━━━ Source information ━━━
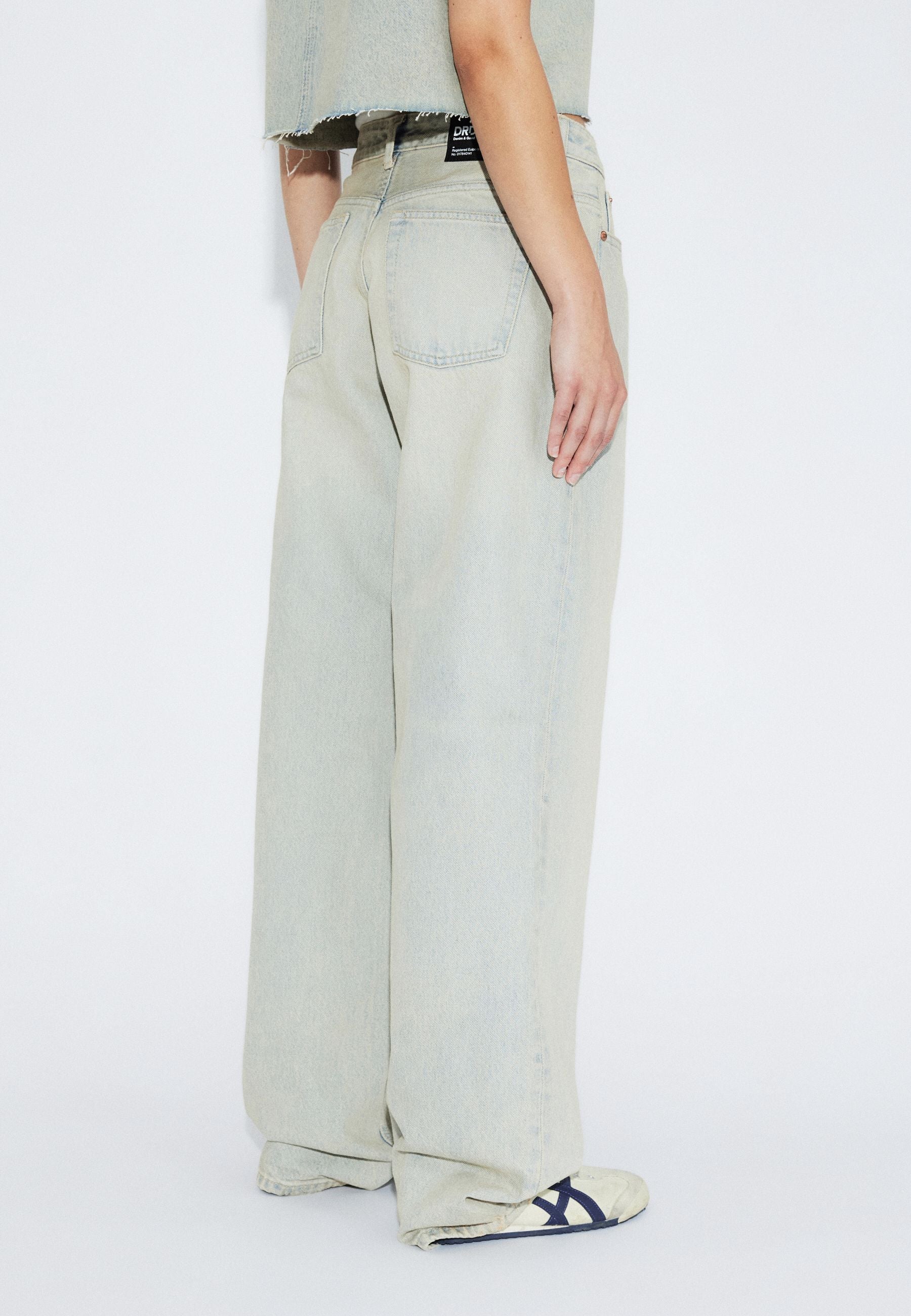 2310103M12_DrDenim_HillLowRelaxed_StreamlightSand_Main_W4_1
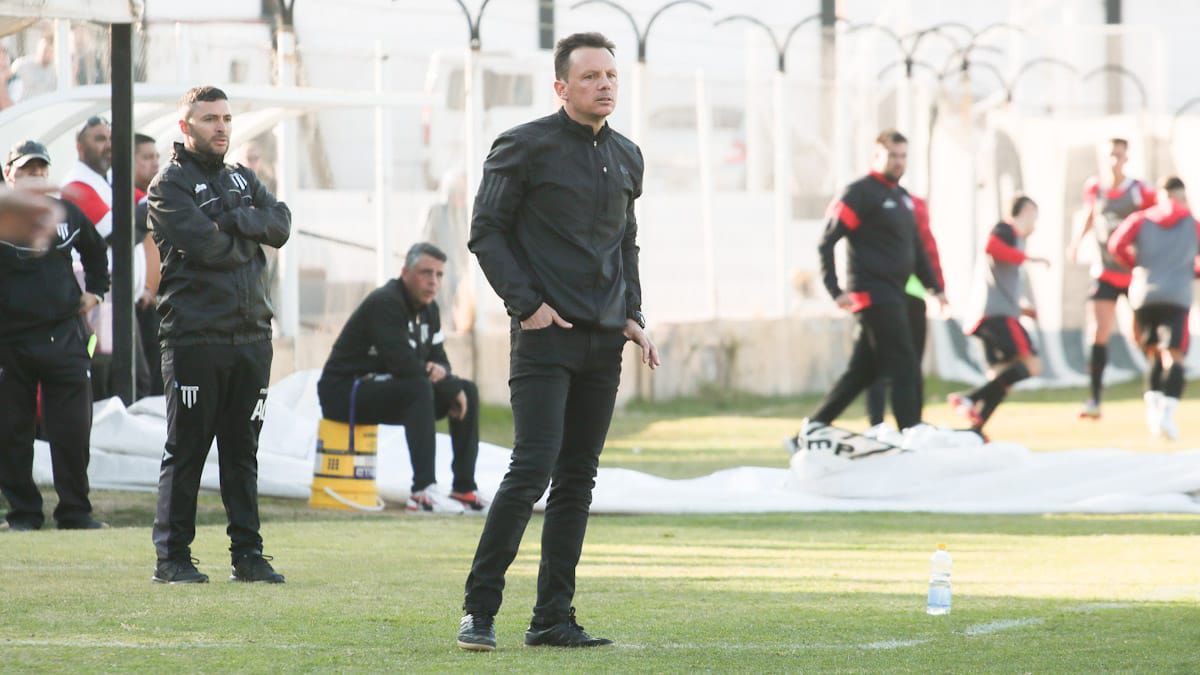 El entrenador de Gimnasia y Esgrima Luca Marcogiuseppe.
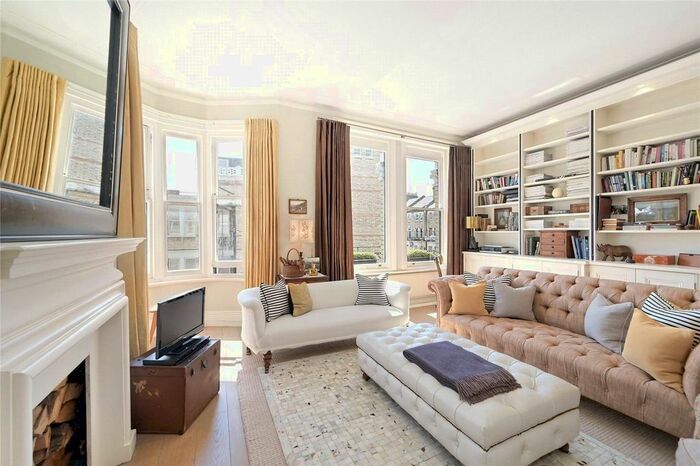 2 Bedroom Flat To Rent In Glazbury Road, West Kensington, London, W14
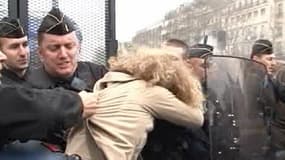 Interpellation de manifestants par la police, à Paris, dimanche dernier.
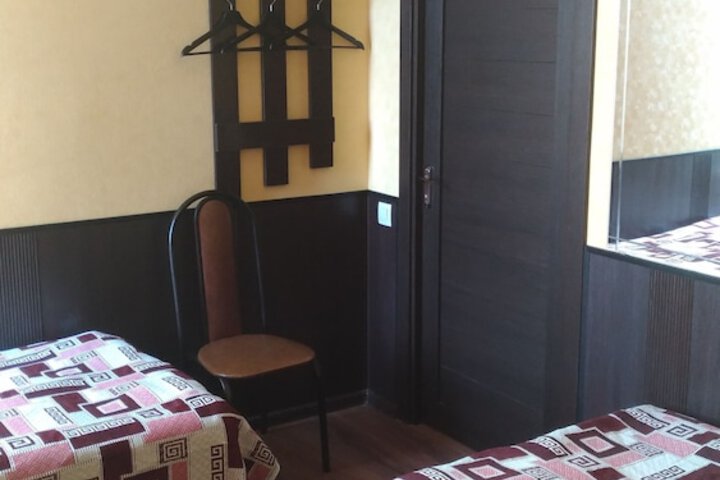 Room 16 of 99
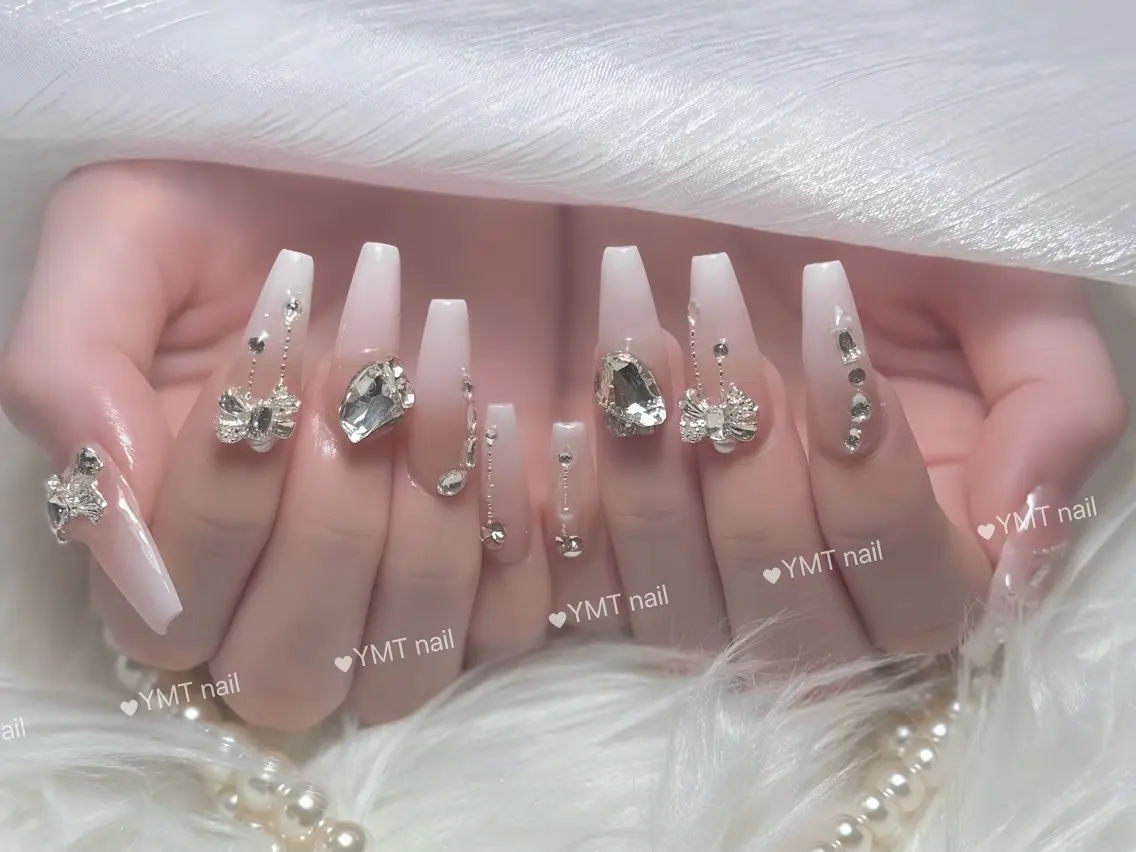 ネイル 長さ出し フットネイル ジェルネイル 韓国ネイル マグネットネイル ハンドネイル YMT. NailStudioのネイルデザイン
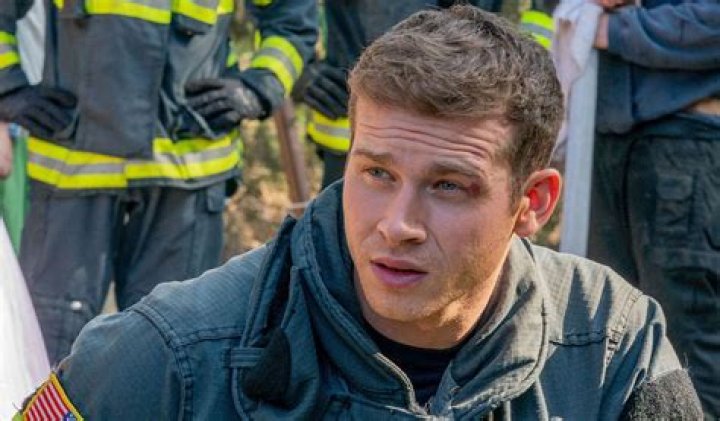 Does Karen Die In 911? Is Karen Leaving On 911?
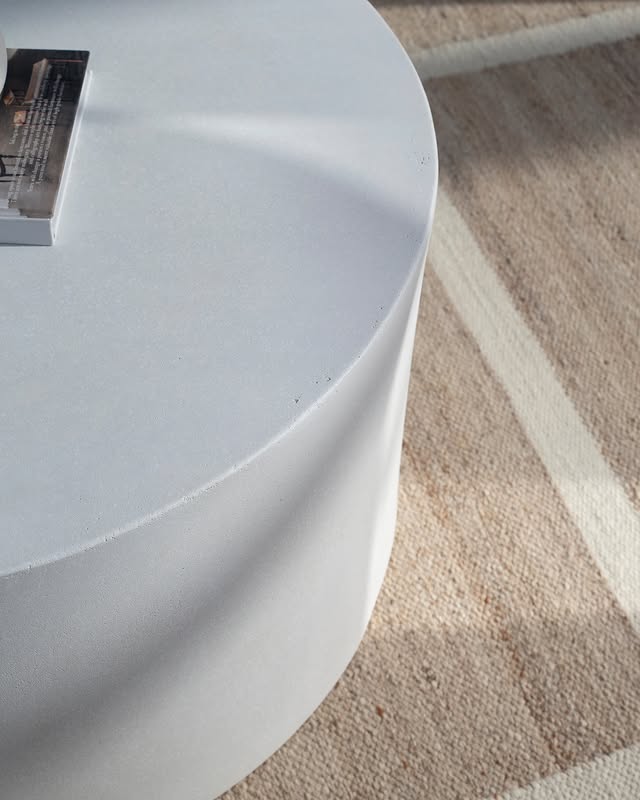 Riviera coffee table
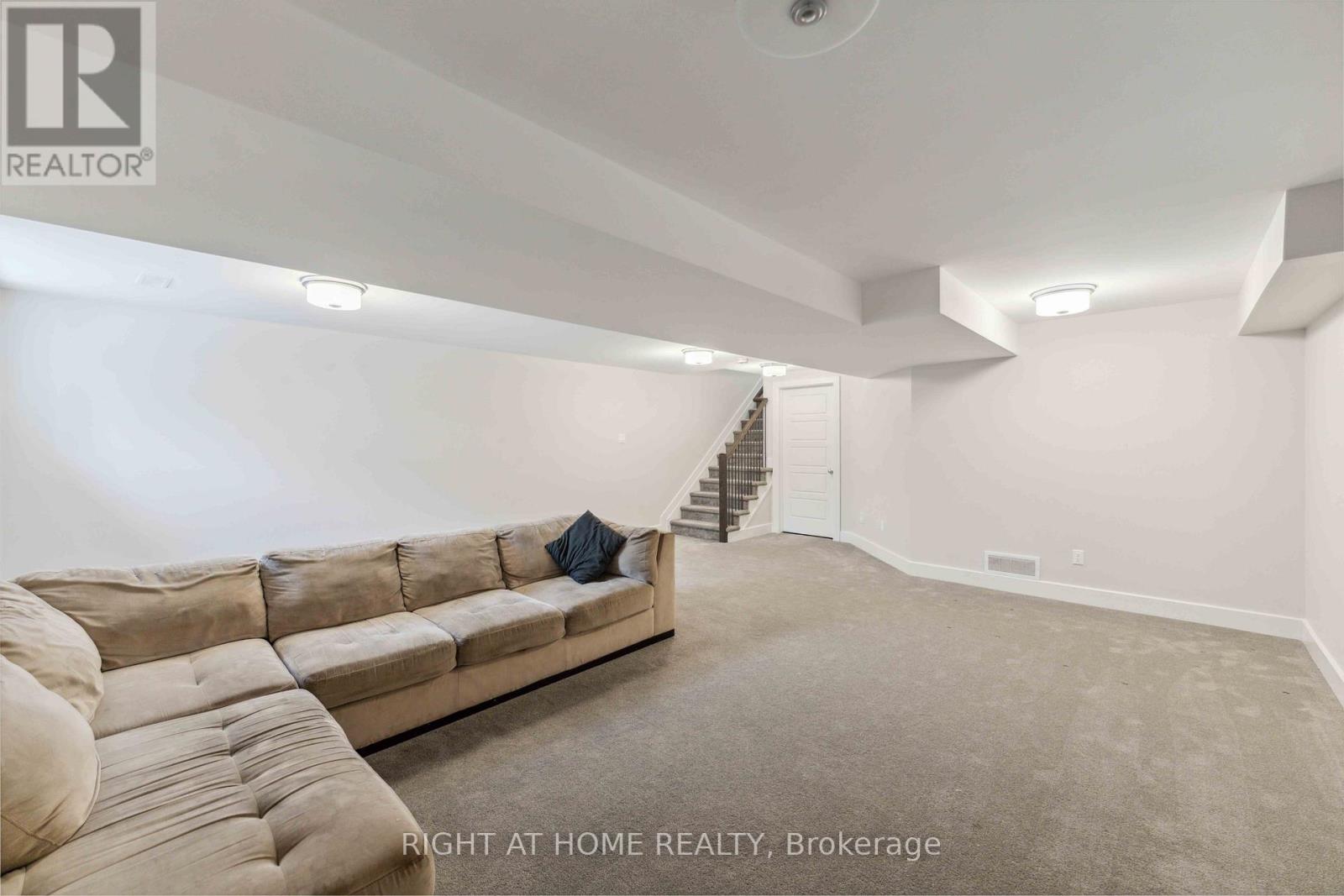 632 Moonflower Crescent W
━━━
Your assignment:
If an entry contains an image, skip the image and return the rest of the listing unchanged.

Answer box:
 2310103M12_DrDenim_HillLowRelaxed_StreamlightSand_Main_W4_1
 El entrenador de Gimnasia y Esgrima Luca Marcogiuseppe.
 2 Bedroom Flat To Rent In Glazbury Road, West Kensington, London, W14
 Interpellation de manifestants par la police, à Paris, dimanche dernier.
 Room 16 of 99
 ネイル 長さ出し フットネイル ジェルネイル 韓国ネイル マグネットネイル ハンドネイル YMT. NailStudioのネイルデザイン
 Does Karen Die In 911? Is Karen Leaving On 911?
 Riviera coffee table
 632 Moonflower Crescent W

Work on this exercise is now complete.